[Opening Extracted records section]

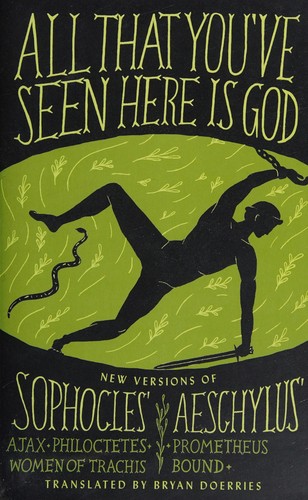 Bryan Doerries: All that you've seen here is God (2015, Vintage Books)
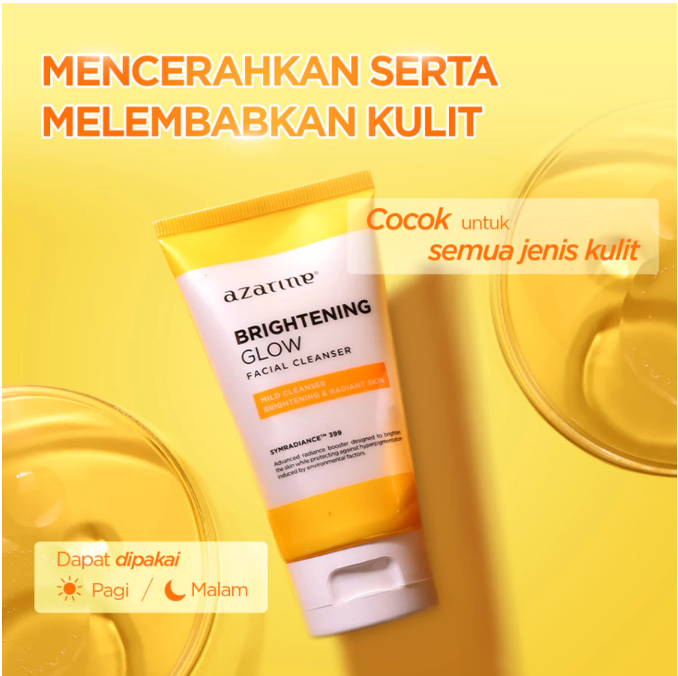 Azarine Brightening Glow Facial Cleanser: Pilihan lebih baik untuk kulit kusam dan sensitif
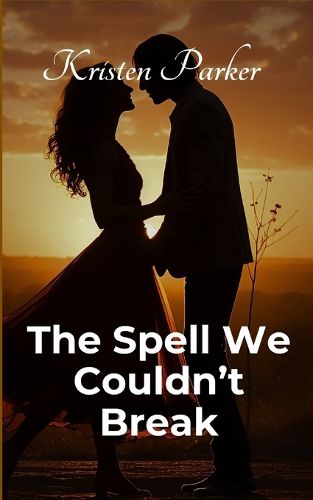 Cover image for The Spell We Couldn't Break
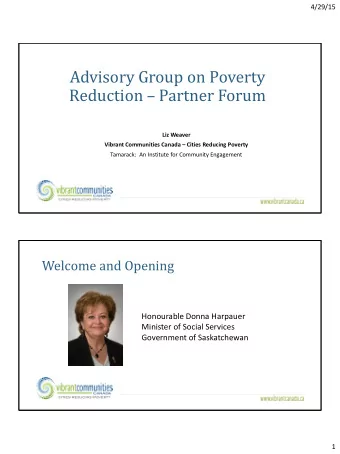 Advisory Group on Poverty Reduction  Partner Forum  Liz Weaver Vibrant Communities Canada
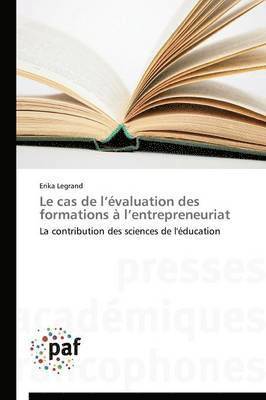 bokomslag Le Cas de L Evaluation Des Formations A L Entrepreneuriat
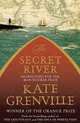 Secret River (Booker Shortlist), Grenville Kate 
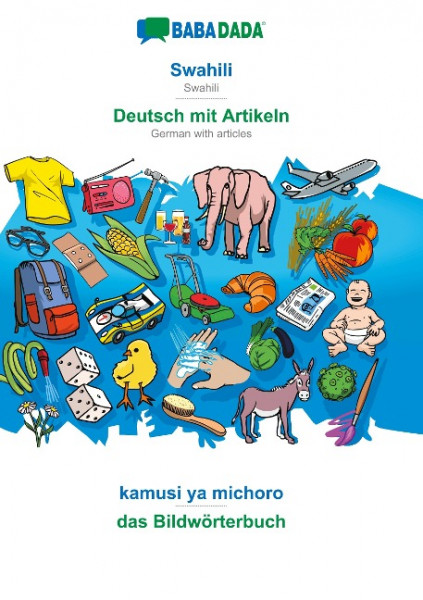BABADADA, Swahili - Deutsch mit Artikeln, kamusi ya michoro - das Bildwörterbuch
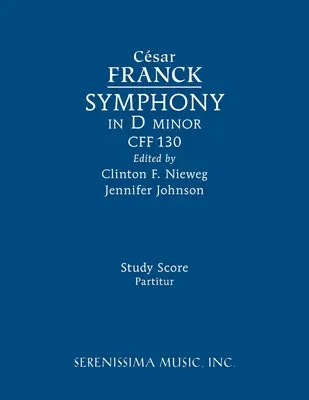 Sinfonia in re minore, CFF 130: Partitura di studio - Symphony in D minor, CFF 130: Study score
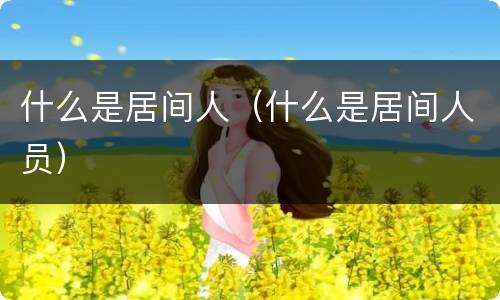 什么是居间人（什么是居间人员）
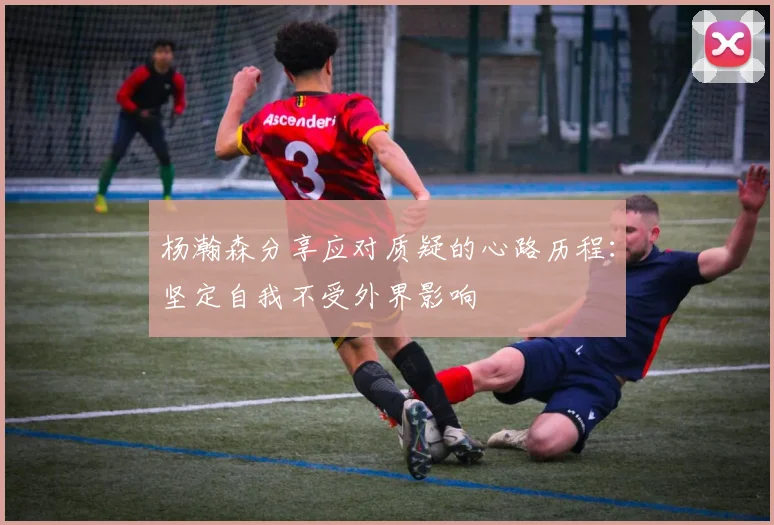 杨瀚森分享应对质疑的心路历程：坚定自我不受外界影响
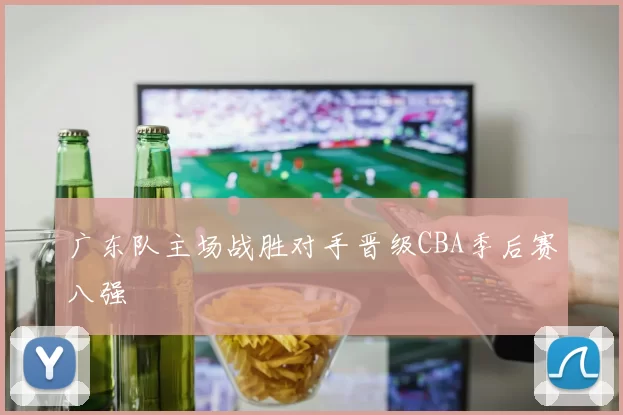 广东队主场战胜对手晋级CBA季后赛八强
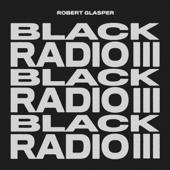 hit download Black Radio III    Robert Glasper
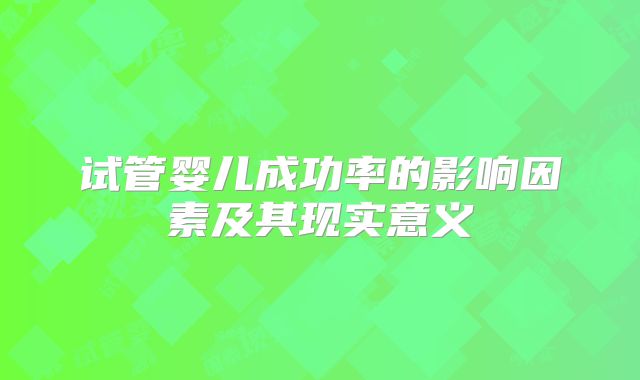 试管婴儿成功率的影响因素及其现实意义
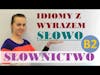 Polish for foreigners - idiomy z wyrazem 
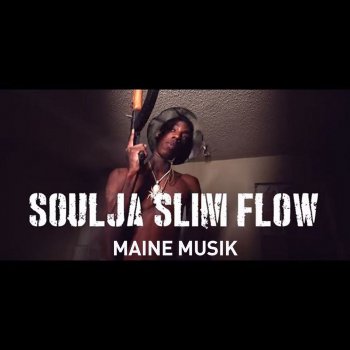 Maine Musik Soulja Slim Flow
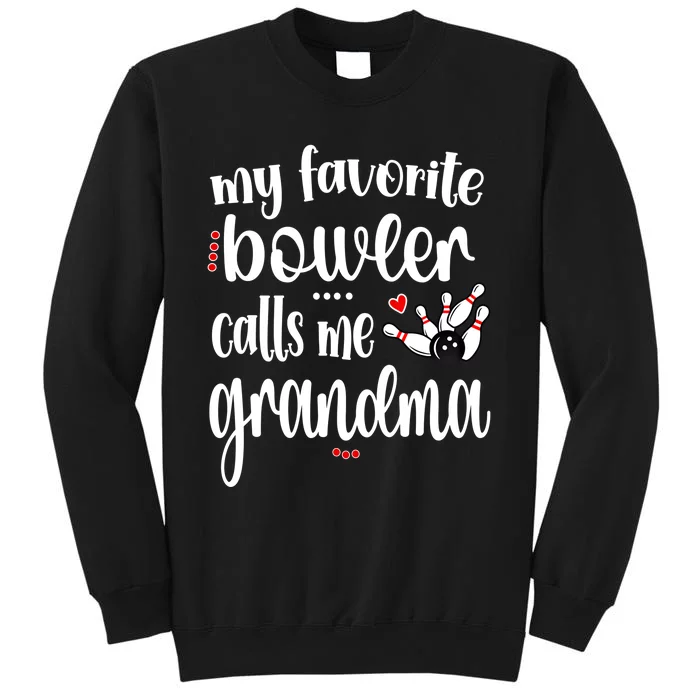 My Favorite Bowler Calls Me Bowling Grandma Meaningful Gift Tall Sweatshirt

[Closing Extracted records section]
[Opening Extracted records section]

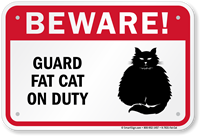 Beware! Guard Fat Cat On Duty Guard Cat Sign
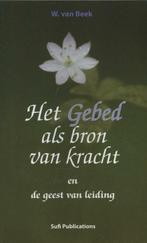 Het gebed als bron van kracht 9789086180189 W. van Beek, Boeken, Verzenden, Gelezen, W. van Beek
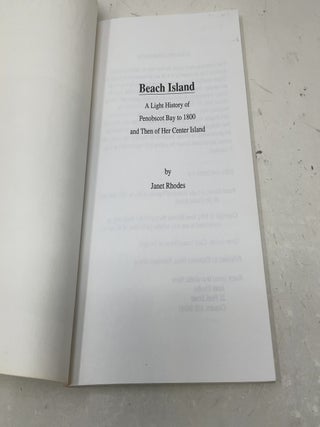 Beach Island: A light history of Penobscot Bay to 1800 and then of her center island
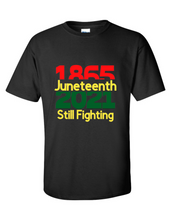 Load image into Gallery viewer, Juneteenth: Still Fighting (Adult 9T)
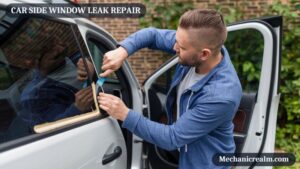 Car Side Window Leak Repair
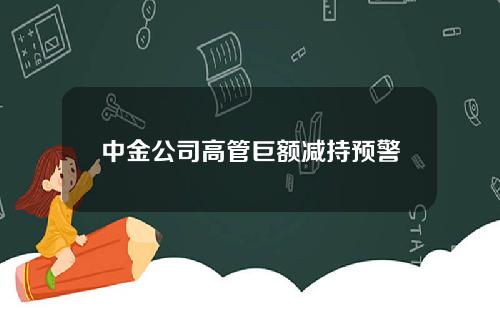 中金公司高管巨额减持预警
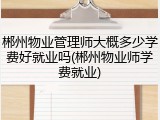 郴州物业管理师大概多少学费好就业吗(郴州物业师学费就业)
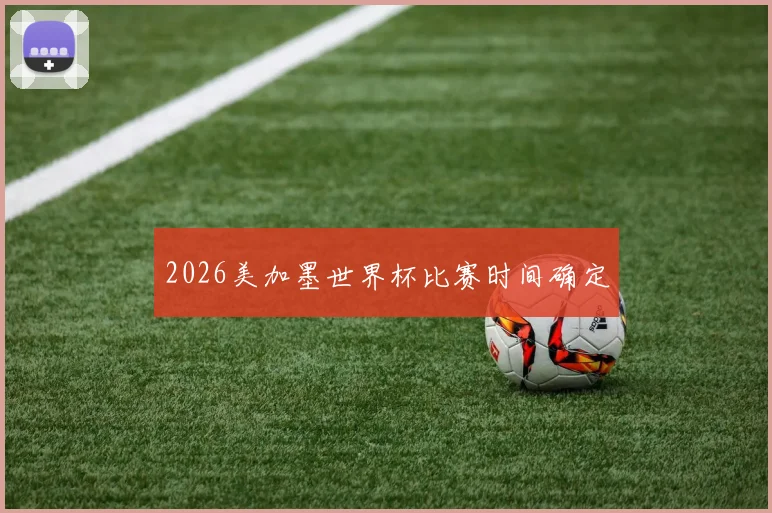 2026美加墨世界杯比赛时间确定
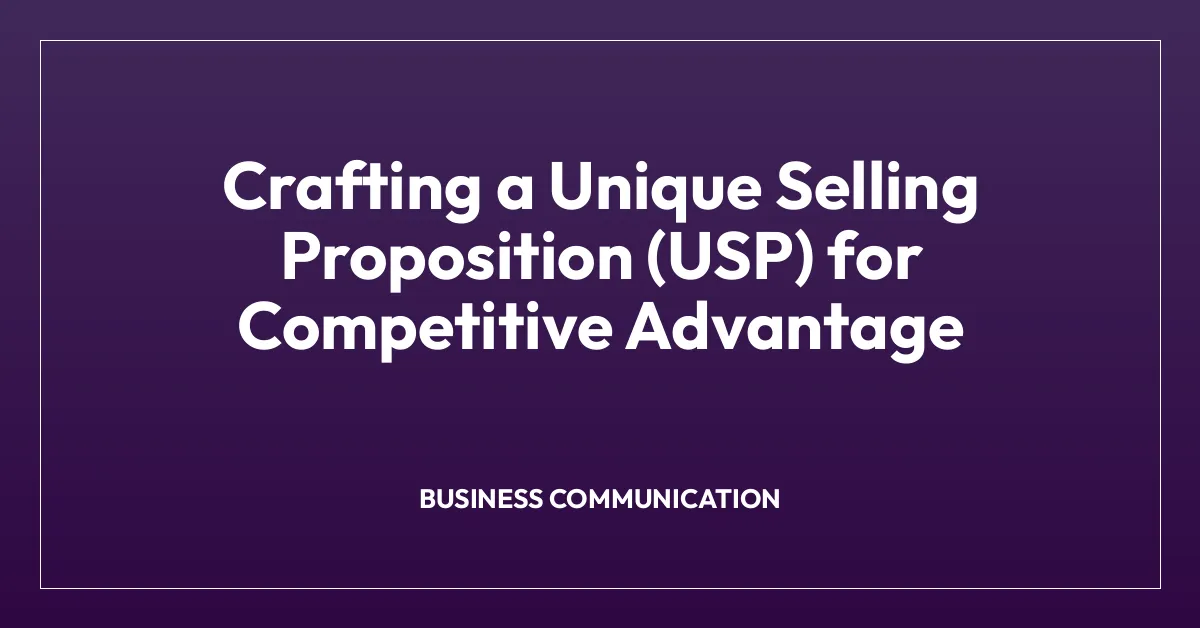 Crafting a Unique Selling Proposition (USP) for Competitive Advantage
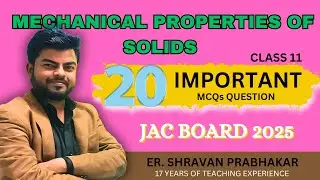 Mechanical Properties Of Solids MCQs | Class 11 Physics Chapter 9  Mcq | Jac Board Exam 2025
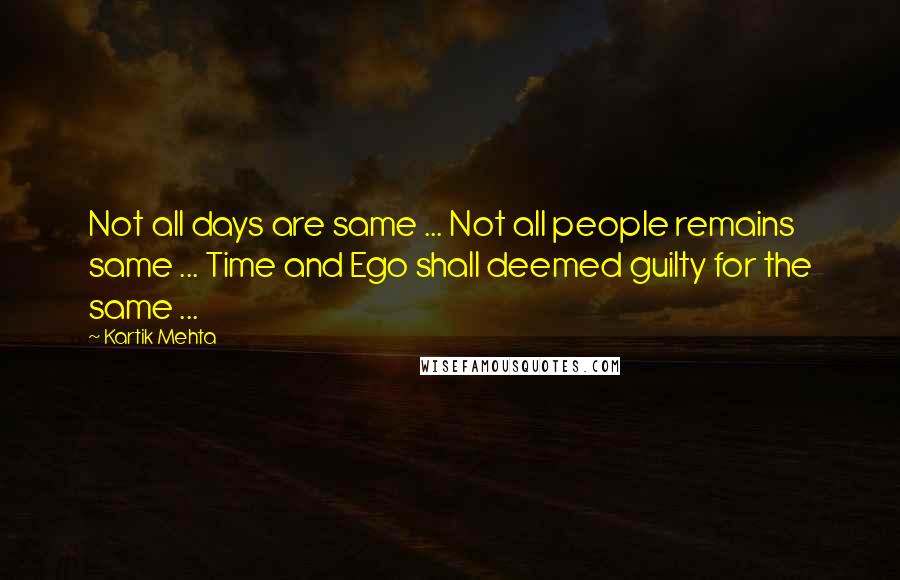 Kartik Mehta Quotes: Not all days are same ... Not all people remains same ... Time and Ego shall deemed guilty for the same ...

[Closing Extracted records section]

# Activity
Look above for the line with "Advisory Group on"; quote it and every line after it, stopping after the line with "Secret River (Booker", exactly, with nothing added and without pictures.

# Task response
 Advisory Group on Poverty Reduction  Partner Forum  Liz Weaver Vibrant Communities Canada
 bokomslag Le Cas de L Evaluation Des Formations A L Entrepreneuriat
 Secret River (Booker Shortlist), Grenville Kate 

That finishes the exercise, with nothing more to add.